FEEDBACK: In a crowded category, where telecommunication giants are spending
hundreds of millions of dollars to woo customers, this ad got attention. Not only did it
leave people laughing out loud but within 30 seconds a message about what the cellphone
offers comes through loud and clear. The company received emails from consumers
applauding the spot and Don Imus mentioned it during his morning radio program after it
initially ran during the Super Bowl.
The Worst
Flogging In Arkansas
CLIENT: Wal-Mart Stores Inc.
AGENCY: Edelman, a unit of Daniel J. Edelman Inc.

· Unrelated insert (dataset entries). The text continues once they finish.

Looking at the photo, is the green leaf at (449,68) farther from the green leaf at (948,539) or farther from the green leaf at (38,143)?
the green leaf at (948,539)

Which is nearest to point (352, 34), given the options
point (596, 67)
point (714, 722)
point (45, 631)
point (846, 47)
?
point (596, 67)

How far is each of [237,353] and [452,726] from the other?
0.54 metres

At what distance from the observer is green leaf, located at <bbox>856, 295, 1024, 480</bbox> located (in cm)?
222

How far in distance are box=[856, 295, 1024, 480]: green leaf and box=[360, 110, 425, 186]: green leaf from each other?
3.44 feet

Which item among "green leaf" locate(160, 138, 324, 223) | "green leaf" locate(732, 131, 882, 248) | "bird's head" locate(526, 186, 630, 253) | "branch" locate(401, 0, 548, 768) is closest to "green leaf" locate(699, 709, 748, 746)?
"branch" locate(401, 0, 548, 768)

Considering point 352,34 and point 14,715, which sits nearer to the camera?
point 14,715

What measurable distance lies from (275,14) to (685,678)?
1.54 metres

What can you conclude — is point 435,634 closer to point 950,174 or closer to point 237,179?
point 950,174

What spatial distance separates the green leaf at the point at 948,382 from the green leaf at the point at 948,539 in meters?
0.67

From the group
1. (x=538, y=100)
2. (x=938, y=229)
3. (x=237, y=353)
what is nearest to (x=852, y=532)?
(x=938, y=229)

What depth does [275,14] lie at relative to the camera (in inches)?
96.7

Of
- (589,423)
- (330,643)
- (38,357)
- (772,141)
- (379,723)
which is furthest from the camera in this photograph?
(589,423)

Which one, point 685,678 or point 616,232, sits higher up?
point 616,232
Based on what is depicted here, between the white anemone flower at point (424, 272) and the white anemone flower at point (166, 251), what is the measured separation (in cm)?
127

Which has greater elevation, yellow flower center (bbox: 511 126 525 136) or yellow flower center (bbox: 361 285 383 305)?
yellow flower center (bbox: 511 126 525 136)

CONTENT: Edelman set up a blog called Wal-Marting Across America, which tracked
the life of "Jim" and "Laura," a couple who drove cross-country in an RV visiting WalMart stores. On the pro-Wal-Mart blog the duo conducted interviews with happy WalMart workers.

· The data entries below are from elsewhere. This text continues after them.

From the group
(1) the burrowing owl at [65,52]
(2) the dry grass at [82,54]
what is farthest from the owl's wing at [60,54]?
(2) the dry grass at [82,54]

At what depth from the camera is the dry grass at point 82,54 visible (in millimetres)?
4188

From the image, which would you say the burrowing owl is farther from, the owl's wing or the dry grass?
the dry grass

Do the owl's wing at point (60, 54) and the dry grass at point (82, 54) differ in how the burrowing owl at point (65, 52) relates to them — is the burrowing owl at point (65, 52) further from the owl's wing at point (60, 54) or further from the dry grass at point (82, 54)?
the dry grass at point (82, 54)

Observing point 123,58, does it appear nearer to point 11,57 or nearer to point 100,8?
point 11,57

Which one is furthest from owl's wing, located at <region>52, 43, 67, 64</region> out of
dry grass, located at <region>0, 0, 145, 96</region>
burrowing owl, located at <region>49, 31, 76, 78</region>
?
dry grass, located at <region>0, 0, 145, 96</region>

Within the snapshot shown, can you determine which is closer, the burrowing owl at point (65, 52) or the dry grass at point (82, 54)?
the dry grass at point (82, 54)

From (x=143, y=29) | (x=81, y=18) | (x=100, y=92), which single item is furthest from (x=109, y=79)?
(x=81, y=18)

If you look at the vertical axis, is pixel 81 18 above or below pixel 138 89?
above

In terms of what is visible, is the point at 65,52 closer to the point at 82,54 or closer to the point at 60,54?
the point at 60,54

FEEDBACK: In a sign of how things can quickly go wrong for brands online, critics
complained the company failed to disclose on the blog the full identities of two people -one the sister of an Edelman employee -- whom it enlisted to write the pro-company blog.
The controversy quickly spilled over into the mainstream media. Richard Edelman,
president and chief executive of the public-relations giant and a long-time proponent of
PR transparency and blog ethics, ended up apologizing on his blog.
We Heard You The First Time!
Watch the bare-bones ad for the headache treatment Head On.
CLIENT: Miralus Inc.'s Head On
AGENCY: Created internally
CONTENT: In a commercial notable for its bare-bones look, an announcer tells viewers,
"Head On! Apply directly to the forehead!" She speaks the phrase three times in a row.
The action follows the announcements. A person applies the product directly to the
forehead. The announcer tells viewers where they can buy Head On. That's it.
FEEDBACK: This topical analgesic is supposed to dispel headaches, but the ad ended up
giving TV viewers one instead. YouTube is filled with spoofs of the spot. With its
distinct lack of Madison Avenue frills, the Head On ad would seem to be the video
equivalent of an Internet search ad -- it essentially gives the product's name and little else.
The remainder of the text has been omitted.